Assuming that you already have Travis setup for your project, the first step to do is to enable the Chrome and Firefox addons. You can do that by adding the following lines to your .travis.yml file:

addons:
  chrome: stable
  firefox: latest

Those lines will make Travis make available both Chrome and Firefox but that won't install neither chromedrive and geckodriver which are required to run Selenium webdriver. To make the process of setting up them, let's create some scripts.

First create the setup_chromedriver.sh script:

#!/bin/bash
set -euvo pipefail

export LATEST_CHROMEDRIVER="$(curl -s https://chromedriver.storage.googleapis.com/LATEST_RELEASE)"
curl -L -s -o /tmp/chromedriver.zip "https://chromedriver.storage.googleapis.com/${LATEST_CHROMEDRIVER}/chromedriver_linux64.zip"
mkdir "${HOME}/chromedriver"
unzip /tmp/chromedriver.zip -d "${HOME}/chromedriver"

The script is checking for the latest chromedriver and downloading it. Next it creates a diretory where the chromedriver executable will be placed. We are creating a directory because later we will be adding that directory to the PATH.

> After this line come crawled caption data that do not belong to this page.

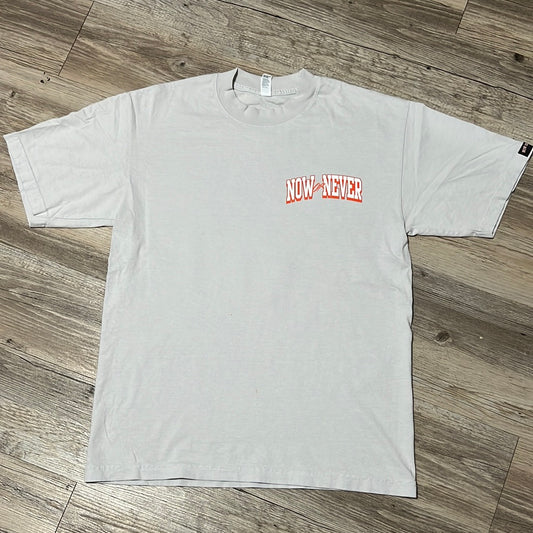 Light Grey Clock Tee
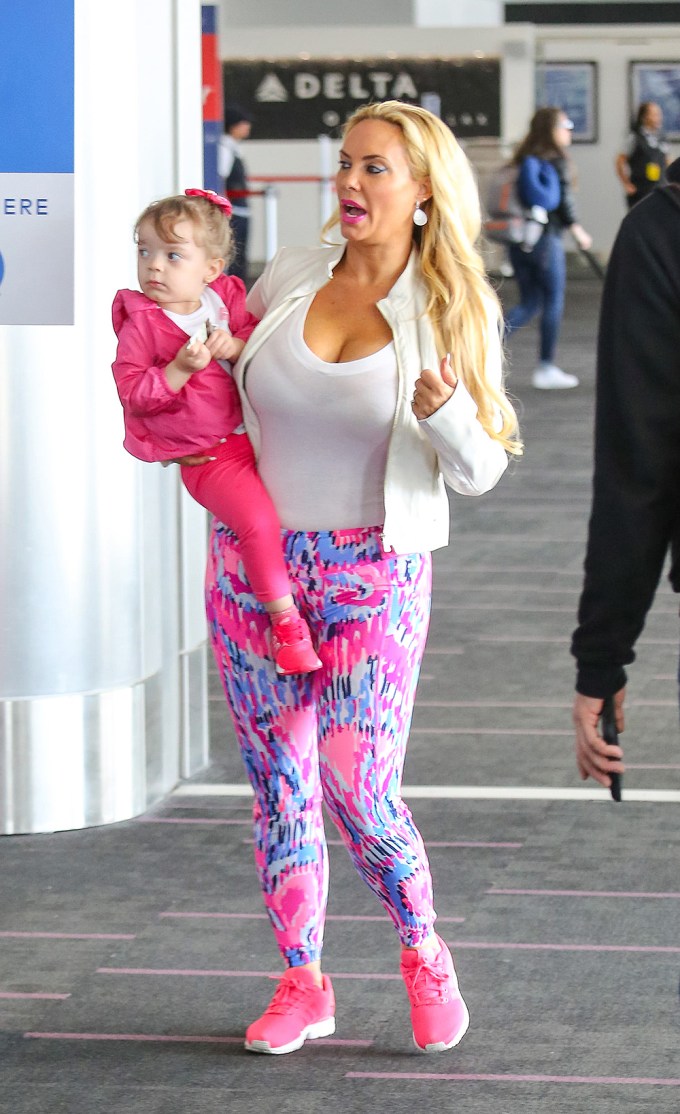 Coco Austin Matching With Daughter: Pics Of Cutest Mommy & Me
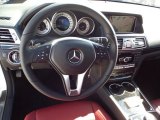 2015 Mercedes-Benz E 400 4Matic Coupe Steering Wheel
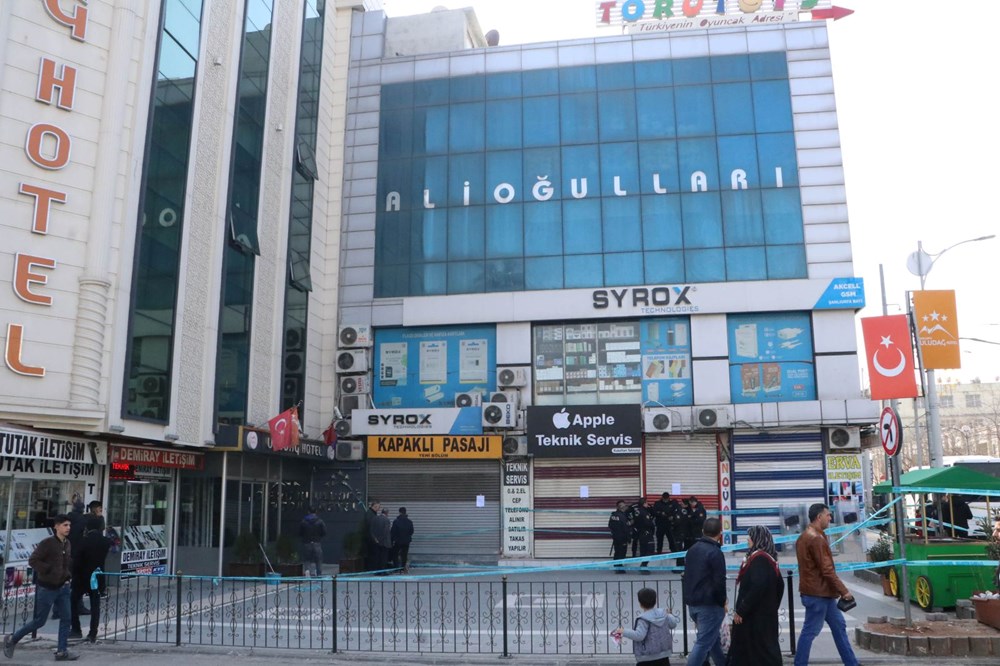 50 yıllık pasaj mühürlendi: Yıkılma tehlikesi var - 6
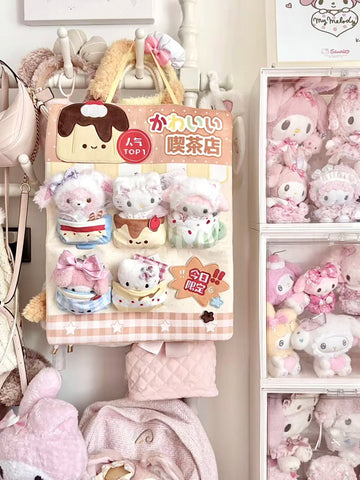 ［ぬい服］10cm 無属性 ぬいぐるみ用 ウォールポケット【挂袋】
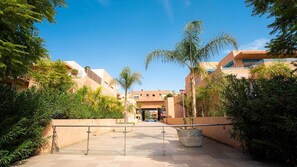 Fachada del alojamiento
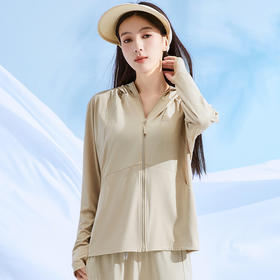 黑胶冰丝防晒衣女士夏季薄款遮阳透气防紫外线原纱upf50+防晒服女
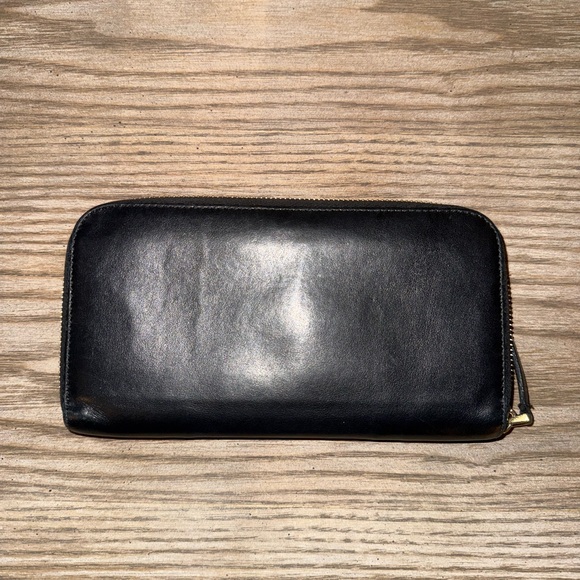 Marni Luxury Leather Colorblock Long Zippy Wallet - Picture 3 of 11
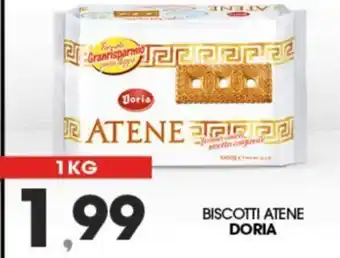 Eurospar Doria Biscotti Atene 1 kg offerta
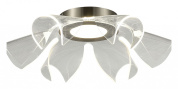 SL6235.102.20 ST-Luce Fairy потолочный светильник, 20Вт, 4000K, 1700лм, никель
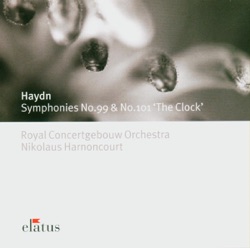 Nikolaus Harnoncourt & Chamber Orchestra of Europe - Symphony No. 101 in D Major, Hob. I:101: II. Andante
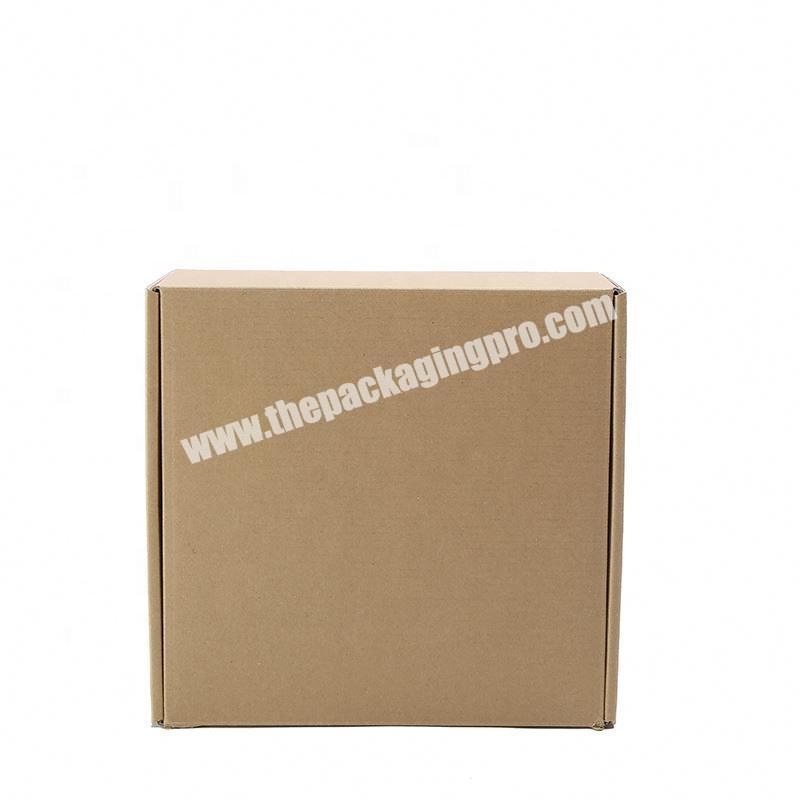Free sample corrugated paper packaging box for cosmetic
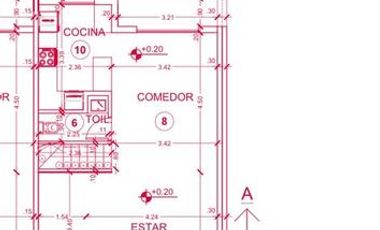 Duplex en Boqueron 1000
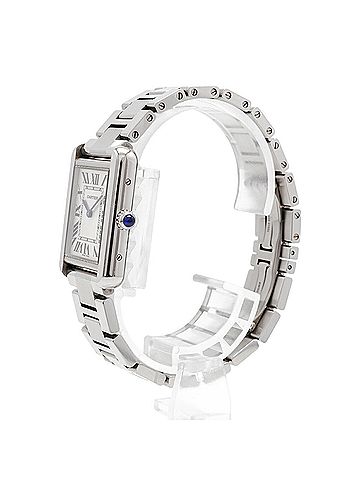 Cartier Cartier Tank Solo SM W5200013 Silver Dial Women's Watch (view 2)
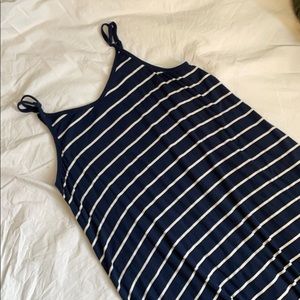Stripped Tank dress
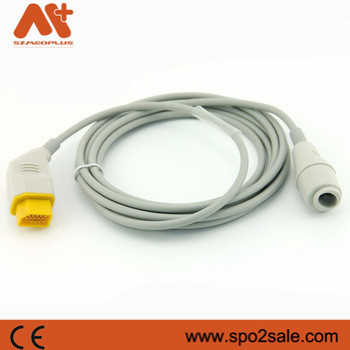 Cavo Nihon Kohden TPU Edwards Ibp Transducer JP-902P di ISO13485 IBP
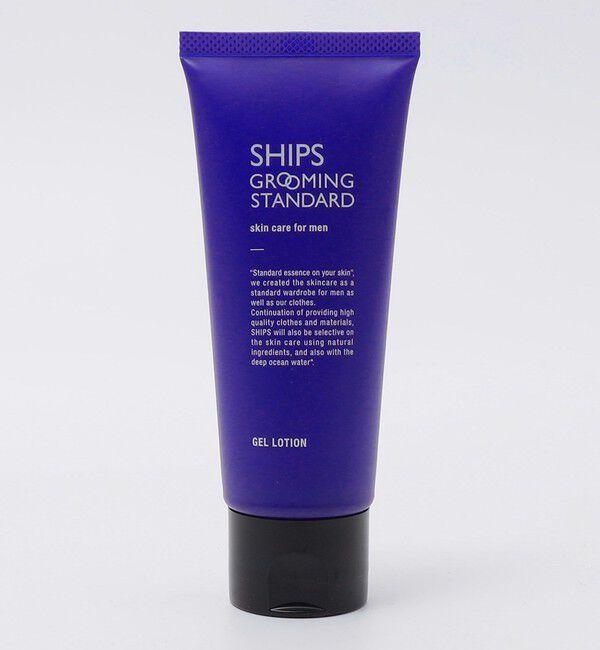 SHIPS「SHIPS GROOMING STANDARD: GEL LOTION / 乳液」|乳液|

Next is time to create the setup_geckodriver.sh script:

#!/bin/bash
set -euvo pipefail

curl -L -s -o geckodriverrelease https://api.github.com/repos/mozilla/geckodriver/releases/latest

cat > parser.py <<EOF
import sys, json
r = json.load(sys.stdin)
if 'assets' in r:
    print([a for a in r['assets'] if 'linux64' in a['name']][0]['browser_download_url']);
else:
    print('https://github.com/mozilla/geckodriver/releases/download/v0.20.1/geckodriver-v0.20.1-linux64.tar.gz')
EOF

export GECKODRIVER_DOWNLOAD="$(cat geckodriverrelease | python parser.py)"
curl -L -s -o /tmp/geckodriver.tar.gz "${GECKODRIVER_DOWNLOAD}"

mkdir "${HOME}/geckodriver"
tar xvf /tmp/geckodriver.tar.gz -C "${HOME}/geckodriver"

As you can see, to install the latest geckodriver it requires some extra logic. See below a detailed explanation about why that is required.

geckodriver is hosted on Github and you can get the latest release information using Github's API. The script is fetching that information by doing an unauthenticated request. The problem with unauthenticated requests to Github's API is that it limits, currently, to 60 requests per hour. Even though your project's tests may run once a day you can hit that request limit because the Travis environment is shared.

To avoid the hitting the request rate limit and to parse the information about the latest limit the script is creating the parser.py Python script that will fetch the URL for the latest release by parsing the JSON response (saved on geckodriverrelease file by curl) or default to the current latest release URL if the Github API's rate limite is hit.

After fetching the proper URL to download the latest geckodriver the script go ahead and get it and place it on the created geckodriver directory. Same as chromedriver this directory will be added later to the PATH.

With all that in place, it is time to edit the .travis.yml file again and make it run the UI tests. In the example we are going to see here, both setup scripts were placed into a scripts directory on the projects repository's root directory.

To make it more visually appealing on Travis let's run UI tests using build stages. Below are the definitions for the jobs to run tests using both Chrome and Firefox on separated jobs. The environment variable NAME is there just provide context on Travis UI since you can't set jobs name as of now. On the before_install section of each job is where chromedriver and geckodriver are setup and the executables are added to the PATH. Finally the tests are running on the script section using xvfb-run which is required to run the browsers in headless mode.

- stage: test-ui
  env:
    - NAME=ui-chrome
  before_install:
    - ./scripts/setup_chromedriver.sh
    - export PATH="${HOME}/chromedriver:${PATH}"
    - chromedriver --version
  install:
    - make run-web-app
  script:
    - xvfb-run py.test -v --driver Chrome path/to/ui/tests

- stage: test-ui
  env:
    - NAME=ui-firefox
  before_install:
    - ./scripts/setup_geckodriver.sh
    - export PATH="${HOME}/geckodriver:${PATH}"
    - geckodriver --version
  install:
    - make run-web-app
  script:
    - xvfb-run py.test -v --driver Firefox path/to/ui/tests

After all that you should be able to run UI tests on Travis. If you want a full .travis.yml example you can check integrade's .travis.yml.